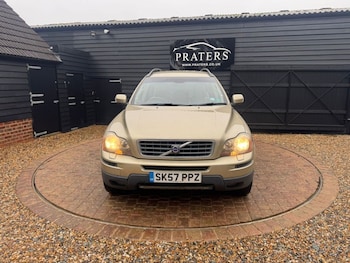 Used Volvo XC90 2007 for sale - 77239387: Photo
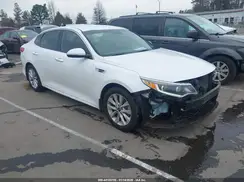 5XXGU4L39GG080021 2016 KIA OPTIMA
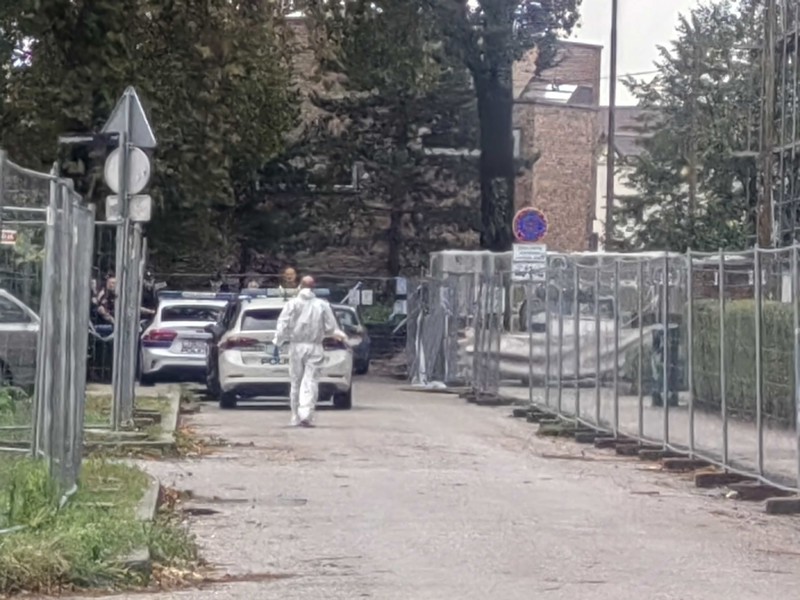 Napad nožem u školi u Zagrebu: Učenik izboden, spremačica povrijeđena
...
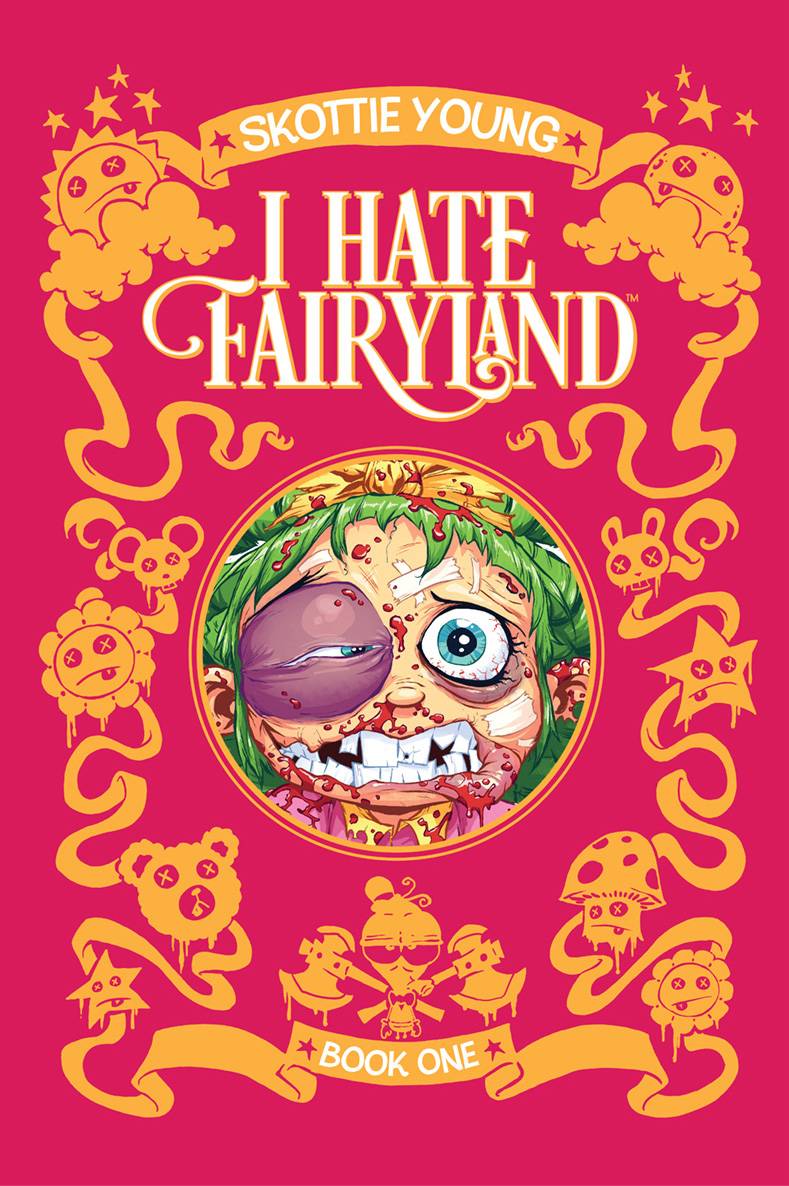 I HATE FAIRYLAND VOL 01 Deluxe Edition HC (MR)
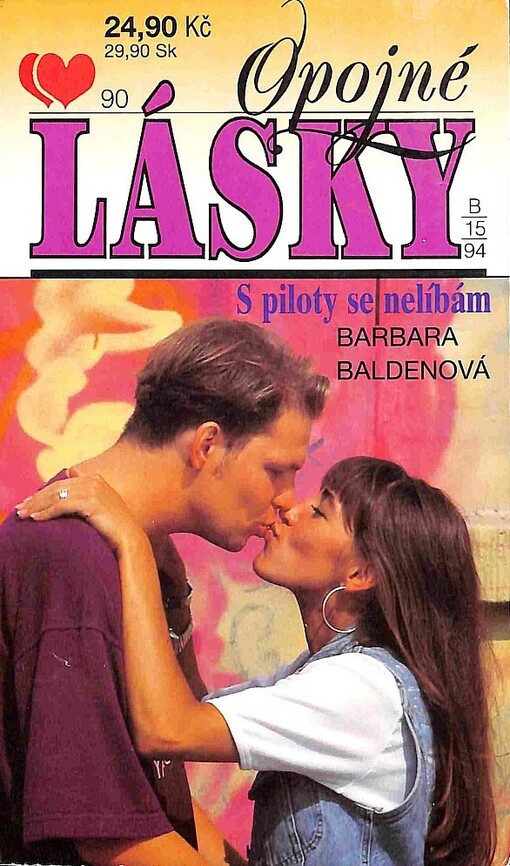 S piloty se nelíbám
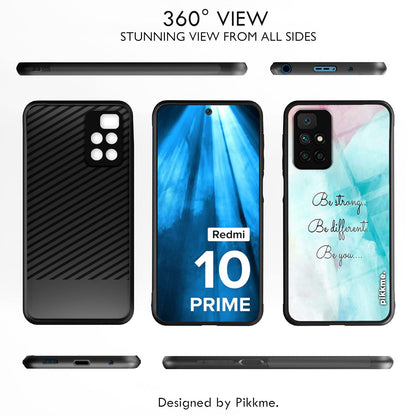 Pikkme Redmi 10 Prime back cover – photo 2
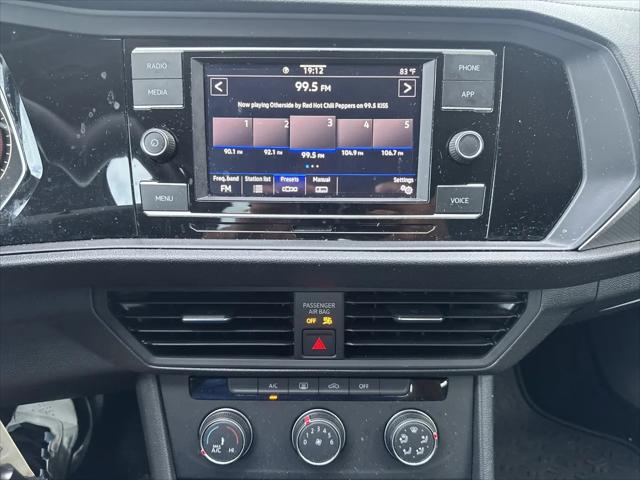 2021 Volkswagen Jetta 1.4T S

» WHAT YOU ARE ASKED TO DO: Find where the line with "I HATE FAIRYLAND" sits in the material above and where the line with "2021 Volkswagen Jetta 1.4T S" sits. Set down exactly the lines from the first to the second, both included and nothing else, without pictures.

» TASK RESULT:
 I HATE FAIRYLAND VOL 01 Deluxe Edition HC (MR)
 S piloty se nelíbám
 Pikkme Redmi 10 Prime back cover – photo 2
 2021 Volkswagen Jetta 1.4T S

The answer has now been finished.